Global Change and Watershed Biogeochemistry Lab
John Harrison, Ph.D.
Room 230B, Engineering and Life Sciences Building
School of Earth and Environmental Sciences
Washington State University, Vancouver Campus
Vancouver, WA 98686
Phone: (360) 546-9210
Fax: (360) 546-9064
email: john_harrison@wsu.edu
Curriculum Vitae (pdf format)
Due largely to human activities associated with food and energy production, the world is experiencing an un-precedented mobilization of bio-active nutrients such as nitrogen (N) and phosphorus (P). A substantial portion of mobilized N and P flows into streams and rivers, and eventually down to coastal waters, where nutrient over-enrichment has been associated with a host of environmental impacts, including increased frequency and severity of low-oxygen events, increased frequency and severity of harmful algal blooms (e.g. red and brown tides), and loss of biodiversity. En route to the ocean, these nutrients can strongly affect ecosystem function as well as the balance of atmospheric greenhouse gases.

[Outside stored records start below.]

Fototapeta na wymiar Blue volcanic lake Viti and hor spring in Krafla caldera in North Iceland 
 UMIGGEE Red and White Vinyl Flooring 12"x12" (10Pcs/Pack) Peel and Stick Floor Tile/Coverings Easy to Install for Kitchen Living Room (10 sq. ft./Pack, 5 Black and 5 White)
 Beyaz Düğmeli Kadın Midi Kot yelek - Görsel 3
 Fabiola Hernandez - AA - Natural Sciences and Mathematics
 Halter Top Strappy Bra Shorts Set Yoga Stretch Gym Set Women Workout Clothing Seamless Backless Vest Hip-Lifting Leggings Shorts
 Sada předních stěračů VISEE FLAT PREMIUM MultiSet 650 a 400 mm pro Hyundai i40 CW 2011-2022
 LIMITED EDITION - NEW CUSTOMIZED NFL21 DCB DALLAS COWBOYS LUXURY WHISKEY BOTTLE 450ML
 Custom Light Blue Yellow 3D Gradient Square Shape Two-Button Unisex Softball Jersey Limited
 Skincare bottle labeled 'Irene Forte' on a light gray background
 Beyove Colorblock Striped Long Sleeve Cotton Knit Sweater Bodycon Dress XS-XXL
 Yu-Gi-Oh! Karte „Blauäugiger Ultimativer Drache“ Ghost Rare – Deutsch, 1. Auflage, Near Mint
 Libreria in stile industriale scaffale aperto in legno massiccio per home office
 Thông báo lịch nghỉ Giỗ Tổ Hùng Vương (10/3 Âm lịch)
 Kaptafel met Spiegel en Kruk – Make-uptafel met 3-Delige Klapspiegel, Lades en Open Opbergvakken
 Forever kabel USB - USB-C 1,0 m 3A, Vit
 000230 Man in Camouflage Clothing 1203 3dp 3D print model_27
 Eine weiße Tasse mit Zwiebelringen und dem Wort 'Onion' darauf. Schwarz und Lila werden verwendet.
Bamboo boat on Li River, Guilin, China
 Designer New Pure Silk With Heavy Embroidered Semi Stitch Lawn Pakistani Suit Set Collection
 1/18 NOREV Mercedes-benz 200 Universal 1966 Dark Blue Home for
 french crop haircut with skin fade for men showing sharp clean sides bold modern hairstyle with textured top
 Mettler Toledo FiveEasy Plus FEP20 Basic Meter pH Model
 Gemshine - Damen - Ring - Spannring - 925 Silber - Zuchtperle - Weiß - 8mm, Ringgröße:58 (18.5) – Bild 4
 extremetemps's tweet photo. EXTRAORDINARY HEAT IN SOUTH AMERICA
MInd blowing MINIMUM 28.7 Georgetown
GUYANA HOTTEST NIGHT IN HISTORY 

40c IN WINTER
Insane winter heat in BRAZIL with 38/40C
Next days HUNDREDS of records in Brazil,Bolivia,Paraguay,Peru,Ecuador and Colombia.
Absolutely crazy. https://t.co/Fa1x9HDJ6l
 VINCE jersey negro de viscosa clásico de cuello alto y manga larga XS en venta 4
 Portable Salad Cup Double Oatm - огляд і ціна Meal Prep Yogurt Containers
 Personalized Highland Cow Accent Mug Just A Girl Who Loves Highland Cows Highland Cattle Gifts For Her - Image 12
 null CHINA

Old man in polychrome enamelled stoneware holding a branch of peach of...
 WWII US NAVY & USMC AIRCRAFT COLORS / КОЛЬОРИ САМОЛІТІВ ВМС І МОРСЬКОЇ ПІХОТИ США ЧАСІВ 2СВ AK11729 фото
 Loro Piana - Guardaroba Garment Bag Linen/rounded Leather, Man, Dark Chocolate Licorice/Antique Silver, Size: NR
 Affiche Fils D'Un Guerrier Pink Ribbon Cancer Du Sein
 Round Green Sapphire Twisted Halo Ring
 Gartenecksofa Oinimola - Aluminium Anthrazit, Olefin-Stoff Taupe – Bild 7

My research group uses experimental, remote sensing, and spatially explicit modeling approaches to elucidate processes governing the mobilization, transport, transformation and ecosystem/biogeochemical impacts of land-based N, P, and other bio-active elements. Current and past projects focus on regional nutrient and greenhouse gas dynamics in Mexico's Yaqui Valley, California's Central Valley, and in watersheds of the Pacific Northwest. We also work at the global scale, and have developed spatially explicit, global models of nutrient and organic matter export as part of a UNESCO-IOC-funded research project called Global Nutrient Export from Watersheds (Global NEWS).